Task statement: All lines from the one containing "We start our" through the last line of the listing should be given again exactly, with no pictures.

Provided information:

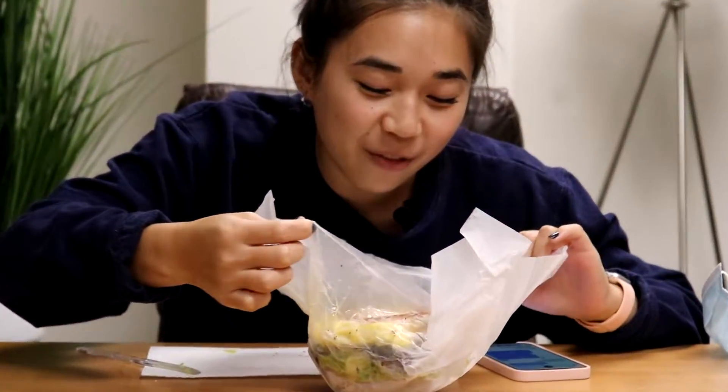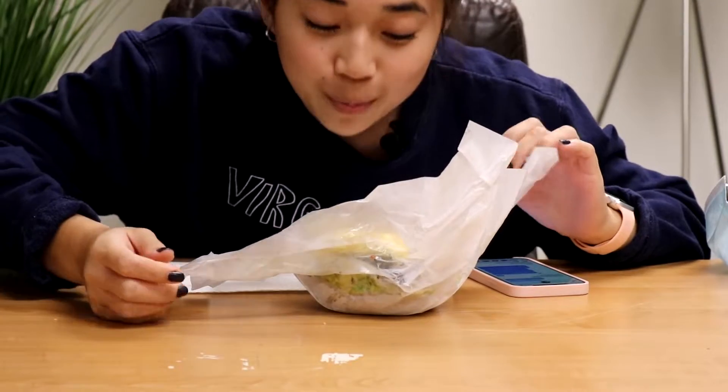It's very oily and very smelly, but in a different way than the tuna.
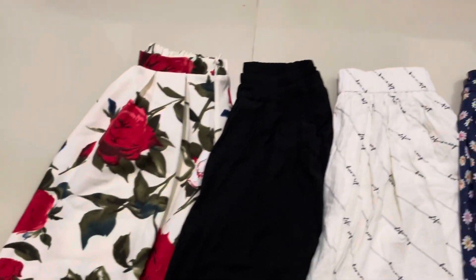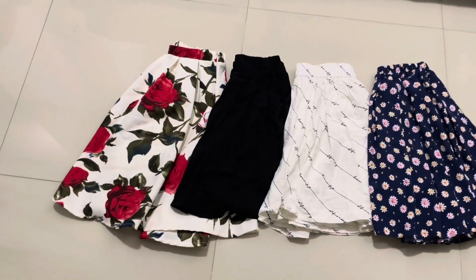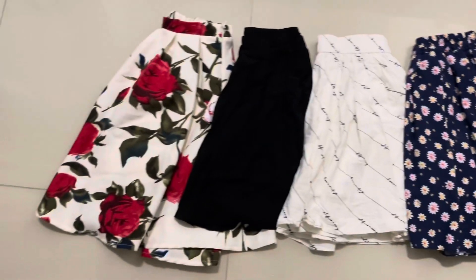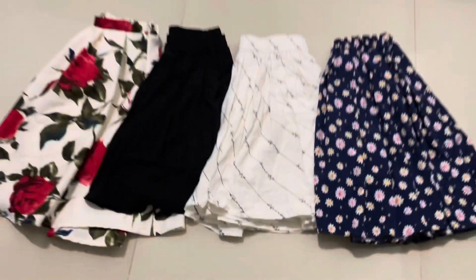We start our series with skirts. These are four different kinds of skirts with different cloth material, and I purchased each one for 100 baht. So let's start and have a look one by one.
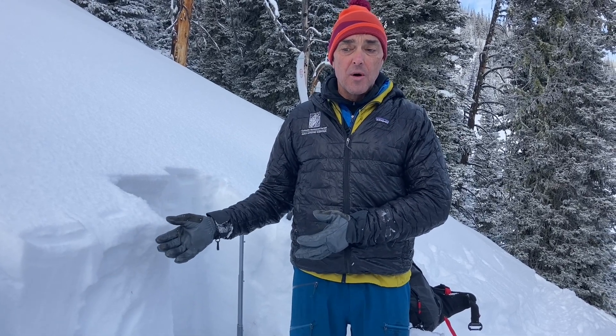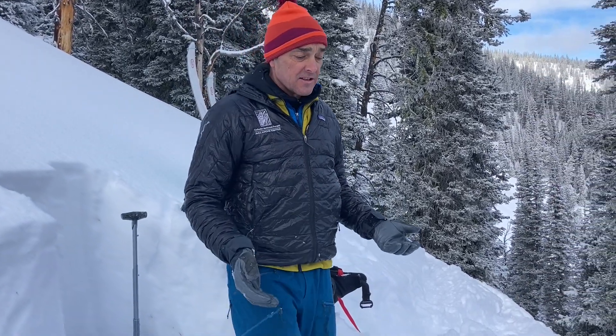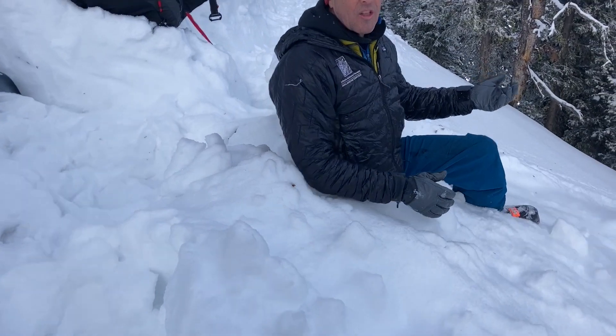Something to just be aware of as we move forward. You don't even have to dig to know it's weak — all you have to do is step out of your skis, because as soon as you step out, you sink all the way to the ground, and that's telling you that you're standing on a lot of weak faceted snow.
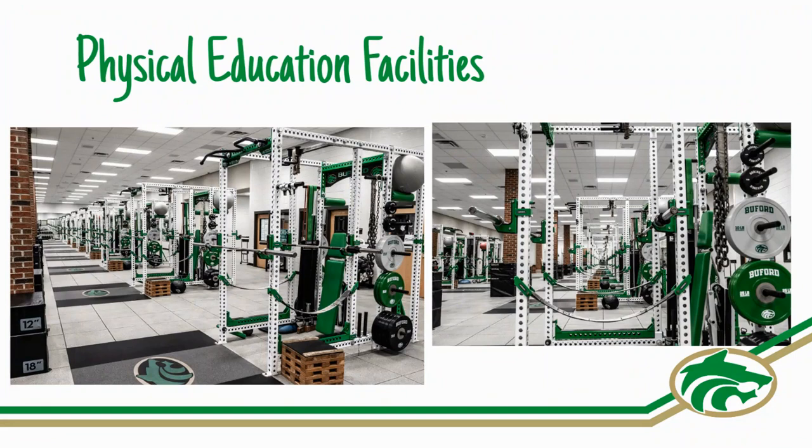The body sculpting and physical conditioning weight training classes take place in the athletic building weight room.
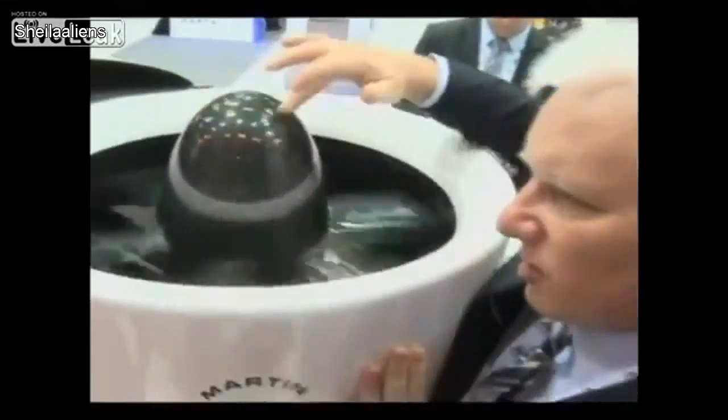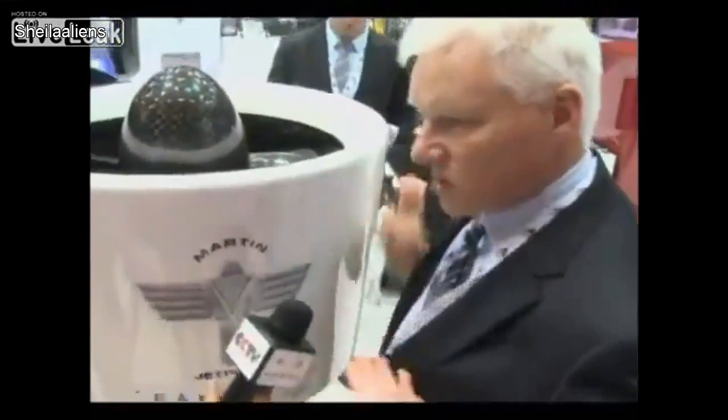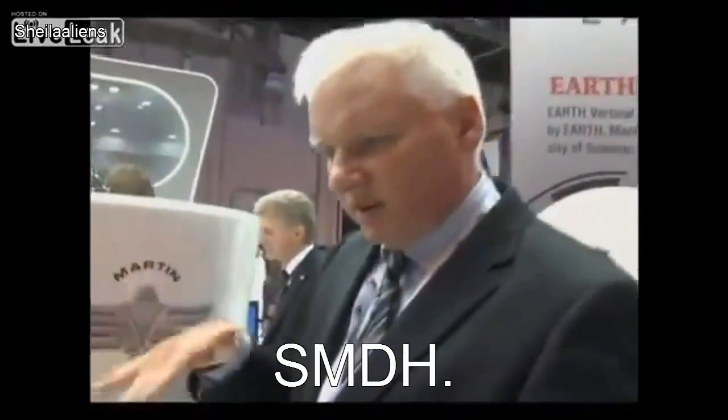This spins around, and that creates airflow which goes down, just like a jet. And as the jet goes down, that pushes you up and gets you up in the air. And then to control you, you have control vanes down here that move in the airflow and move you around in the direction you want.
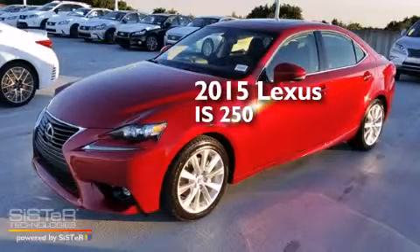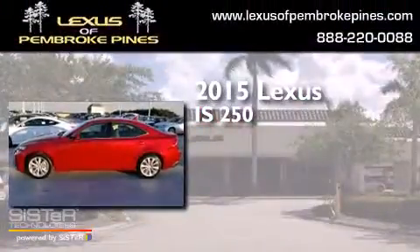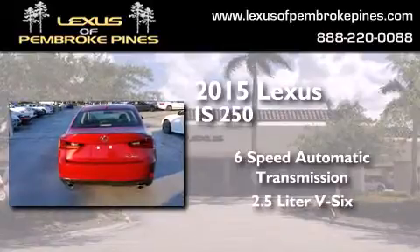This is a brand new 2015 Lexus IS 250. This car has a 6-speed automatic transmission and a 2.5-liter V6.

Answer to this problem:
We start our series with skirts. These are four different kinds of skirts with different cloth material, and I purchased each one for 100 baht. So let's start and have a look one by one.
Something to just be aware of as we move forward. You don't even have to dig to know it's weak — all you have to do is step out of your skis, because as soon as you step out, you sink all the way to the ground, and that's telling you that you're standing on a lot of weak faceted snow.
The body sculpting and physical conditioning weight training classes take place in the athletic building weight room.
This spins around, and that creates airflow which goes down, just like a jet. And as the jet goes down, that pushes you up and gets you up in the air. And then to control you, you have control vanes down here that move in the airflow and move you around in the direction you want.
This is a brand new 2015 Lexus IS 250. This car has a 6-speed automatic transmission and a 2.5-liter V6.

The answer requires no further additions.